1Malaterra, voyant dans la fourberie des Lombards la cause première des événements, ne dit rien des pillages incessants des Normands, qui ont incité les Lombards à faire appel au pape. Guillaume de Pouille (II, 66-70) les signale sans en reconnaître tout à fait la réalité : « Lorsque les habitants de Pouille apprennent l’arrivée d’un si grand pape, ils lui présentent de multiples doléances et accusent les Normands de toutes sortes de crimes, mêlant le faux au vrai » (trad. Mathieu 1961, 135-136, retouchée). Le Chronicon d’Hermann de Reichenau (ad an. 1053), en revanche, et les Vitae de Léon IX mettent l’accent sur la cruauté des Normands (sur le « dossier hagiographique de Léon IX », voir Planta 2006 ; pour une présentation des sources qui rapportent les circonstances de la coalition anti-normande, voir Taviani-Carozzi 1996b, 186-192). Ainsi, dans la Vita du Pseudo-Wibert (Vie du pape Léon IX : Brunon, évêque de Toul, M. Parisse (éd.), M. Goullet (trad.), Paris, Les Belles Lettres (Les classiques de l’histoire au Moyen Âge), 1997, II, 20, p. 110), l’auteur évoque « l’affliction inouïe du peuple d’Apulie » et la « sanglante attaque des Normands » (trad. p. 111), avant de citer la lettre envoyée par Léon IX à l’empereur de Constantinople, dans laquelle le pape dénonce, par exemple, « l’impiété plus que païenne » des Normands.

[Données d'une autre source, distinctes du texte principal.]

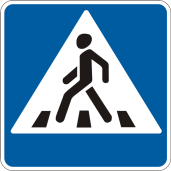 Картинки по запросу дорожні знаки для пішоходів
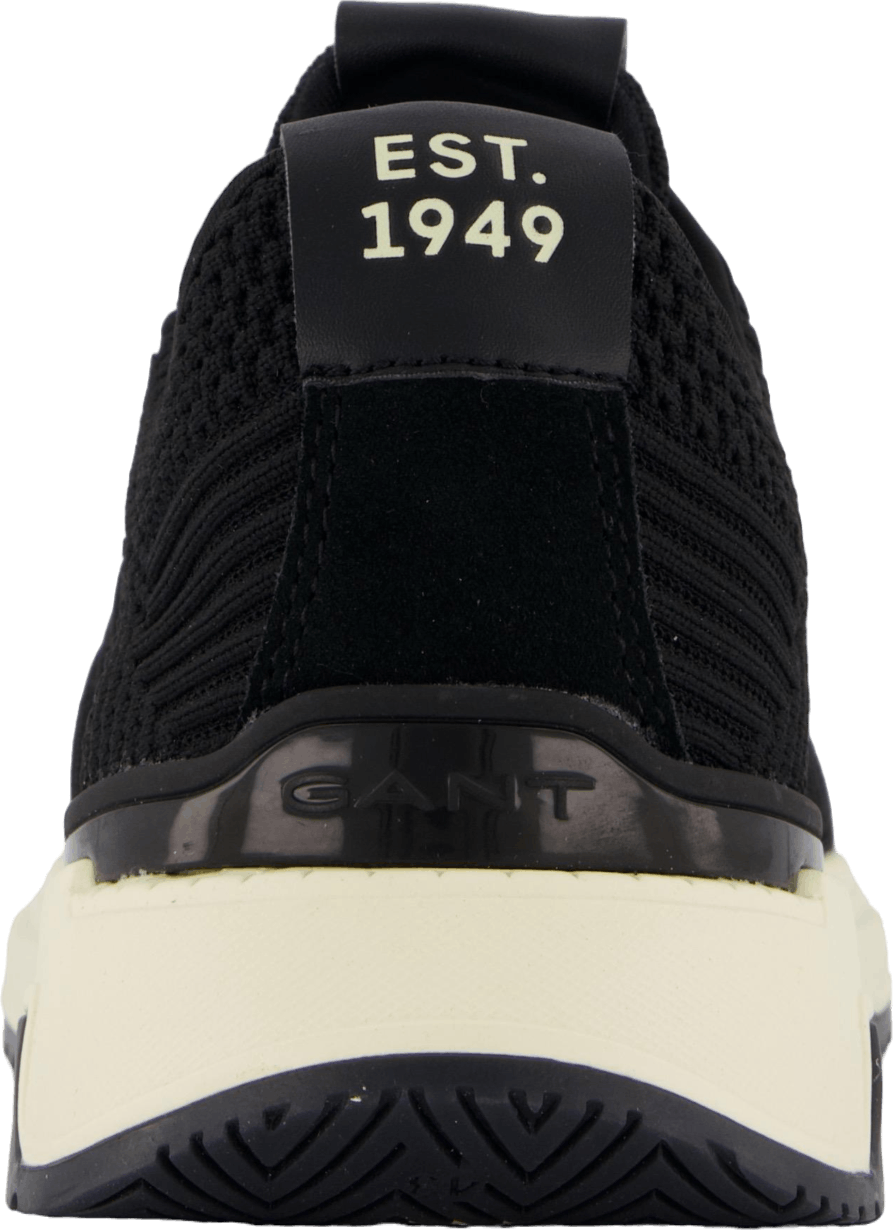 Baskets Jeuton noires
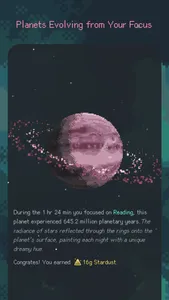 Exocus | Painless Focus screenshot 1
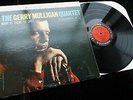 Gerry Mulligan Quartet ?- What Is There To Say? **US Columbia 6-Eye CS 8116 LP**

2Léon IX est le nom que prit Brunon, évêque de Toul. Il fut consacré le 12 février 1049 et occupa le siège de Rome jusqu’en 1054. Sur les rapports de Léon IX avec les Normands, voir, en particulier, Taviani-Carozzi 2006.

3Si l’on en croit l’argument prêté aux Apuliens par Malaterra, qui ne dit rien de l’autorité exercée par le pape à Bénévent depuis 1051, le droit de l’évêque de Rome s’étend à toute l’Apulia, ce qui peut rappeler la Donation apocryphe de Constantin au pape Sylvestre Ier (voir Guyotjeannin 1994) ou plutôt la promissio Carisiaca du 14 avril 754, qui « envisageait de soumettre au pape une grande partie de l’Italie, notamment les duchés de Spolète […] et de Bénévent […] » (Martin 2012, 161). La promesse, reprise par Charlemagne le 6 avril 774, modifiée en 787 par le roi des Francs et des Lombards, ne fut jamais appliquée. Quant aux empereurs germaniques du Xe et du début du XIe siècle, ils confirmèrent la promesse tout en investissant Pandolf IV de la principauté de Capoue, Guaimar V de celle de Salerne ou Rainolf du comté d’Aversa (voir encore Martin 2012, 161, et Deér 1972, 130). Cf. le Chronicon d’Hermann de Reichenau, ad an. 1053, où il est question des Normands « qui occupaient par la force contre la volonté [du pape] les biens de Saint-Pierre (res sancti Petri) » (cité d’après Taviani-Carozzi 2006, 313 ; voir aussi 322-325).

4Là encore, Malaterra se contente de lier à un trait de caractère du personnage les causes des événements, tandis qu’on trouve d’abondantes informations dans les œuvres d’Aimé (III, 15-25 ; 37) et de Guillaume de Pouille (II, 67-84) sur la politique active que mena Léon IX entre 1050 et 1053 avec Guaimar et Dreux, avant leur assassinat.

5Léon IX passa la Noël 1052 avec Henri III à Worms, où il signa un traité relatif à Bénévent, et revint à Rome, sans le secours militaire qu’il espérait obtenir de l’empereur, mais avec un contingent de mercenaires. Selon Hermann de Reichenau (Herimanni Augiensis Chronicon, G. H. Pertz (éd.), MGH SS, t. V, Hanovre, Hahn, 1844, ad an. 1053, p. 132, l. 19-21), on trouvait parmi eux de nombreux aventuriers en quête de richesses. Ces mercenaires étaient trois cents, selon Aimé III, 37, cinq cents, selon Leo Ost. II, 81, p. 329, l. 4-5, « innombrables », selon Guil. Ap. II, 82-84, qui plus loin (II, 152-154), compte sept cents Teutons et Souabes, placés sous les ordres de Guarnier et d’Albert.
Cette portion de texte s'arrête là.